Com o fim do carnaval, os líderes de partidos da base governista se preparam para retomar as articulações para a votação da reforma da Previdência. A poucos dias da data marcada para início das discussões no plenário da Câmara, o governo ainda busca votos para alcançar o quórum mínimo para aprovar a emenda constitucional no Congresso.

A votação está prevista para começar na próxima terça-feira (20), conforme cronograma definido no fim do ano passado pelo presidente da Câmara, Rodrigo Maia (DEM-RJ). No entanto, a proposta ainda não reúne os 308 votos necessários entre os 513 deputados para ser aprovada em dois turnos de votação na Câmara.

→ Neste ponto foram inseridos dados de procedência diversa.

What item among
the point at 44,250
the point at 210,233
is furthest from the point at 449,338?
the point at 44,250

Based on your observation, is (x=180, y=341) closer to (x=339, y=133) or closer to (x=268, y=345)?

Por se tratar de uma emenda constitucional, a maioria qualificada em dois turnos também é exigida para aprovação no Senado, onde deve receber voto favorável de pelo menos 49 senadores. O texto que deve ser discutido em plenário foi apresentado pelo relator, o deputado Arthur Maia (PPS-BA), na semana passada. A expectativa é de que a proposta, mais flexível do que a apresentada inicialmente, possa atrair mais apoio em torno da reforma. Entre os pontos alterados está a manutenção da pensão integral a viúvas de policiais civis, federais e rodoviários federais mortos durante o trabalho.

Em busca da garantia de votos – O líder do governo na Câmara, Aguinaldo Ribeiro (PP-PB), afirmou à Agência Brasil que, até o fim de semana será feita uma avaliação com os presidente Michel Temer, Rodrigo Maia e do Senado, Eunício Oliveira (MDB-CE) para definir estratégias sobre o rito que deve ser seguido na próxima semana. Na opinião do deputado, a emenda só deve ser colocada em apreciação com a certeza de que será aprovada.

O vice-líder do governo na Câmara, Beto Mansur (PRB-SP), disse que empresários ainda estão em negociação com governadores e prefeitos e que a base continua trabalhando pela aprovação da proposta.